En mars 2006, soit près de deux ans plus tard, à l’occasion d’une revision du dossier, le gestionnaire constate que – l’allocation de chômage versée étant plus importante que celle prise en compte -, le complément de revenu d’intégration versé depuis la régularisation de la demande était trop élevé.
Une décision interviendra, quatre mois plus tard, contenant une demande de récupération d’un indu portant sur les 17 mois précédents.
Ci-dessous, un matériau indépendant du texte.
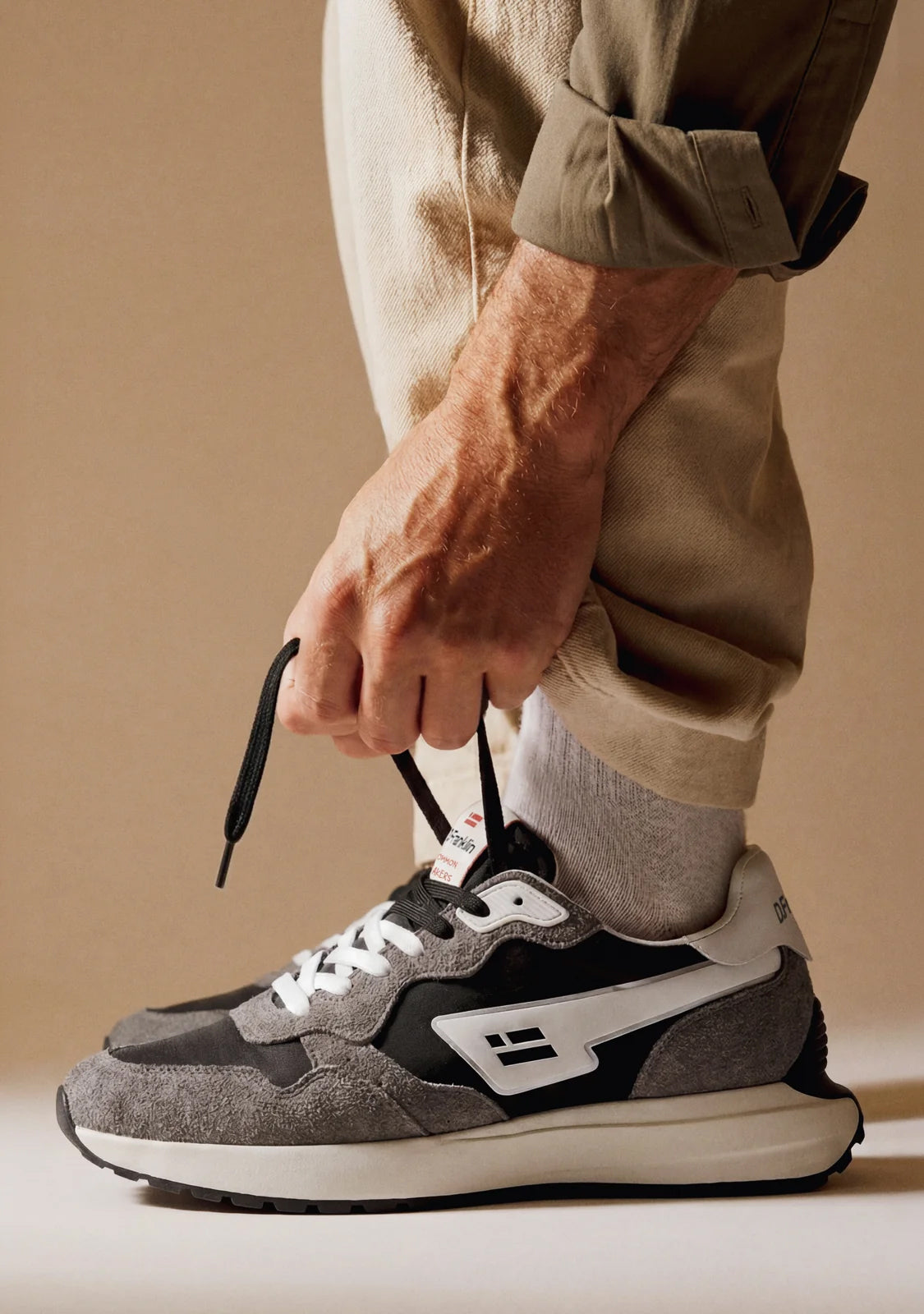 New In Men Shoes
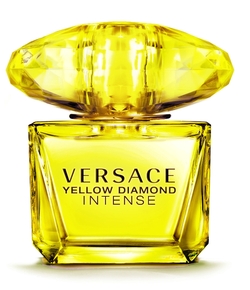 Versace Yellow Diamond Intense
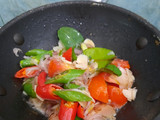 46. Asem Asem Iga Sapi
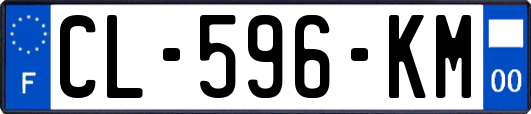 CL-596-KM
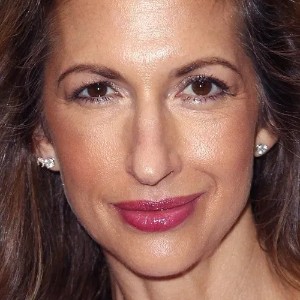 Alysia Reiner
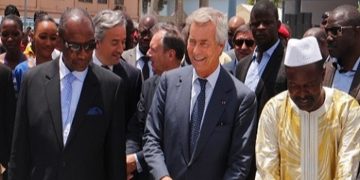 Corruption en Guinée et au Togo : Vincent Bolloré jugé en décembre 2026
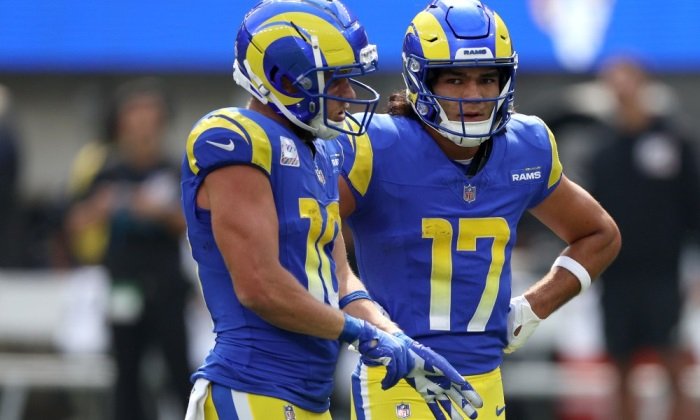 NFL Media Makes Bold Prediction About Rams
Cette décision est intervenue en dehors de toute audition préalable.
L’intéressée introduit un recours devant le tribunal du travail de Mons.
La position du tribunal
Le tribunal condamne l’intéressée à rembourser la somme réclamée.
La position des parties en appel
L’assurée sociale interjette appel du jugement et invoque, en fait, d’une part l’erreur du CPAS et d’autre part l’absence d’audition préalable ; en droit, elle fait valoir tant la Charte de l’assuré social (art. 17 et 18) que les dispositions plus spécifiques de la loi du 26 mai 2002 (art. 20) et de son arrêté royal d’exécution (art. 17) et, également, les articles 1410 et suivants du Code judiciaire.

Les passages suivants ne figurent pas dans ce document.